In subsequent treatments of the theme, the moment of shock has passed. The Men in Black are now at worst a necessary evil with a troubled conscience. State sovereignty is passé.
I rewatched this recently. Interestingly, twenty years later, my attention focused less on the politics and more on the psychological drama and the parts in the holiday camp, which I had completely forgotten but now seem dated but telling. The original title of this series was “the Great British Holiday”. Come to think of it, the phrase ‘dated but telling’ sums up my feelings about a lot of the ‘cultural history within living memory’ that one is drawn (back) to at a certain age/stage in life. See also Alwyn Turner’s “Crisis? What crisis? Britain in the 1970s” and David Kynaston’s broad-sweeping magisterial series of bottom-up accounts of post-war British social history.

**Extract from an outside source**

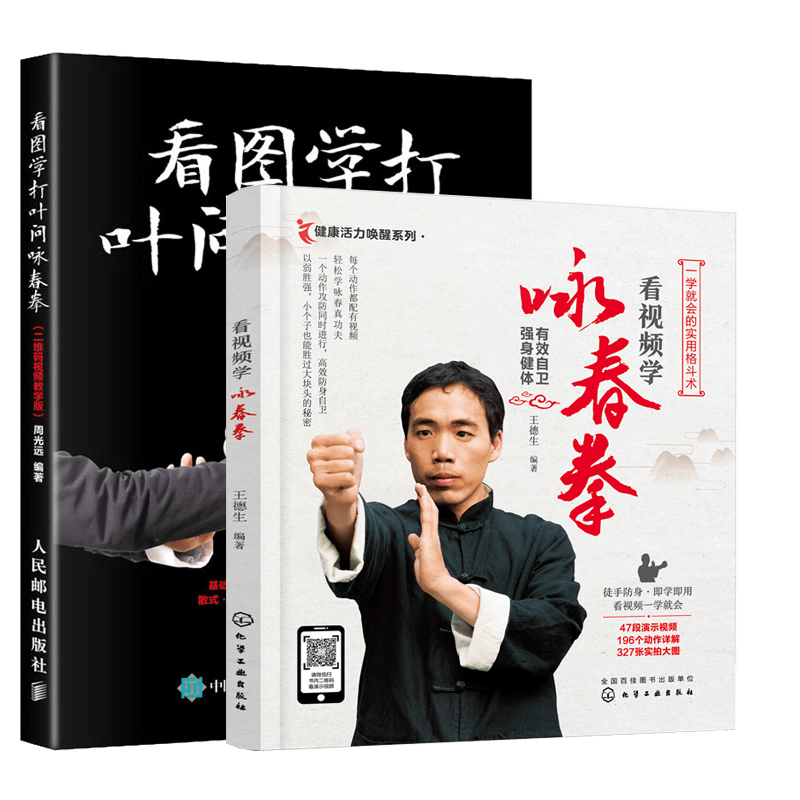 看视频学咏春拳+看图学打叶问咏春拳 叶问咏春拳书籍咏春拳谱2本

The psychological drama is at least the equal of the politics. Bleasdale’s model might have been Schiller’s Don Carlos, where the two elements are fused at the hip. On the politics, I meant to add (but posted too soon) that the conspiracy theory that is always the motor of the plot is dramatic shorthand for the “historical forces” Hegelians and Marxists think they understand. There is never a need for a conspiracy and if it existed it would be beside the point. When such machinations are actually discovered (as with the recent scandal about sleeping policemen) they always turn out more bathos than tragedy — though I suppose one could argue that only the shockingly incompetent get caught. More to the point is the ad hominem argument that conspiracy theories are the product of paranoia and should only be taken seriously, if at all, as telling fictions — even if they should happen, exceptionally, to be true. It’s a different sort of conspiracy, but 9/11’s world-historical importance was all après la lettre, quite as its architects incoherently intended.